Contrast to them, the Richard Dix character as Darby, the electrician.

He's a fine fellow, noble in spirit, and full of "enthusiasms." In a really great sequence, the loathsome "swell" who doesn't believe in love offers Darby a thousand bucks to masquerade as yet another useless playboy, giving him thirty days to romance his friend, a cold and diffident socialite ( Renee Macready as Betty ). The wise-acre working class stiff refuses to let the pompous "swell" make 400 % on his "labor," and then negotiates himself into a fifty-fifty split. He's too proud to take a thousand dollars but not too proud to game this wager for twenty-five hundred !! Maybe that was funny in 1930 but today, in this time, it just seems to be really, really odd.

Useless playboy number one insists that Darby not reveal the details of this plot and proceeds to fit his 'mannequin' with a couple of good suits and a tuxedo. By this device he's converted into a gentleman.

I.e., another useless playboy. But "love" interferes. He meets the fiancé of useless playboy number one at the tailor shop where he's being fitted for his new suits. For him it's love at first sight.

One thing leads to another and the denouement of the drama happens over a week-end at the New London estate of the loathsome "swell" who concocted this farce. Darby pretends to be just as blasé and useless as the other two playboys but he doesn't do it very well. Maybe that, too, was funny in 1930 but it merely seems inscrutable now.

The thing about this movie that is charming, however, is the rapid-fire dialog and the plot twist of twists, wherein the socialite snob falls for the Oxford butler while the 'flapper' fiancé is falling for the disguised electrician. But when she suspects that Darby is just a romantic wolf, trying to charm every woman in the party, she recoils from him in disgust and sadness. That's actually a very touching moment. How it all works out is rather predictable for today's viewers but it may have been a workable premise for that time.

Dix recants his boorish masquerade, of course, and so the wager is quashed -- forcing obnoxious playboy number one to admit that it is all a trick, in front of his friend and both girl-friends -- and from there the film rushes to its inevitable happy ending.

What earns this film a rating of six out of ten is the pace of the snobbish chatter and the styles of the characters: they are all exact reproductions of New York "socialites" of the late 1920s. It is interesting to see, almost as a cultural document, how the standard of beauty for a young upper-class woman of that time was to be rail-thin and willowy. The two playboys are such boors that the whole 'romance' aspect of it seems unbelievable to these modern eyes. But it was clearly not out of the mainstream for 1930.

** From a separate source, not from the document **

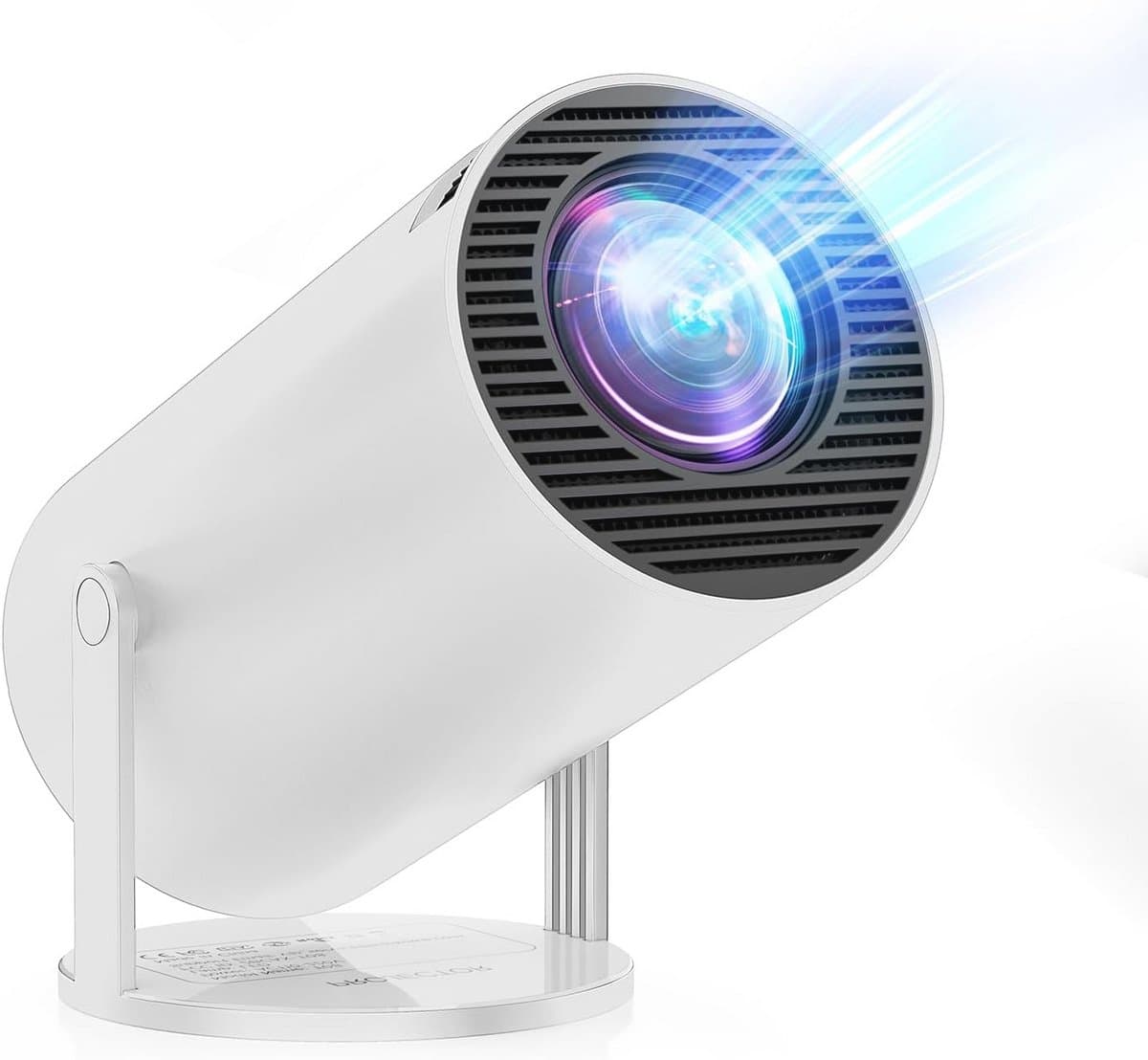 4K Beamer met 20.000 Lumen, Draagbare Mini-Projector met Android TV, WiFi 6 en Bluetooth 5.4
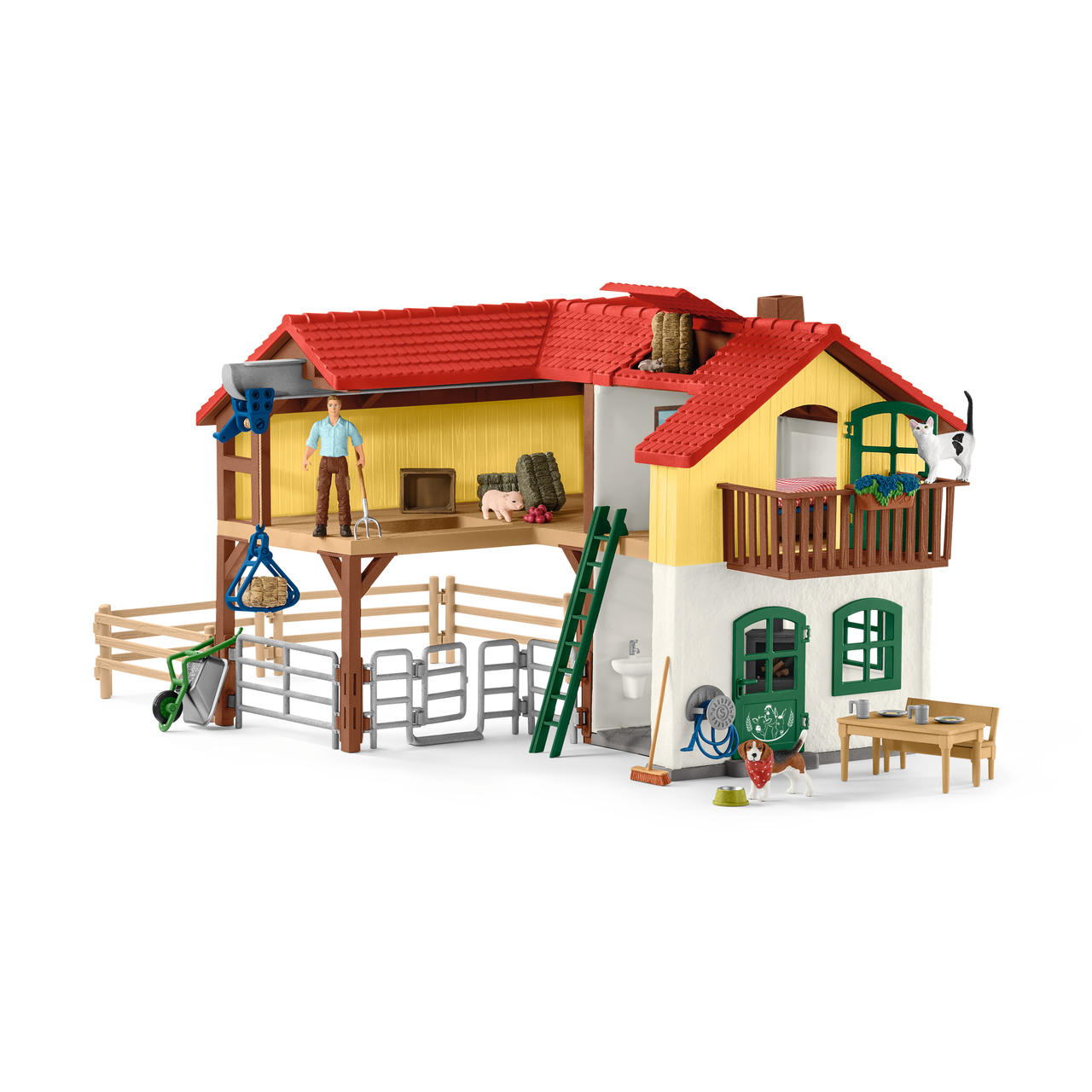 Schleich Bauernhaus mit Stall und Tieren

Unless some company decides to publish a retrospective of Richard Dix, this film will probably never appear anywhere else but on Turner Classic Movies. Perhaps it was written to be a farce, but if so, the elements of humor that would have been obvious to theater-goers then, have dissolved with the passage of time.

As it stands now, as a cultural document, it seems to be more of a critique of social pretense, and the pretentiousness of "the upper crust," which is in fact a fairly thin layer of American society. Dix, with his physical energy and commanding screen presence, makes this vehicle work, and it was intriguing to open a window on a world from our culture which is now so very long gone. A world that existed for so very few people, where a bet for $ 5000 represents the family income of ten working families of that day and age. Farce or not, it was enjoyable for those reasons and worthy of a better-than-neutral vote.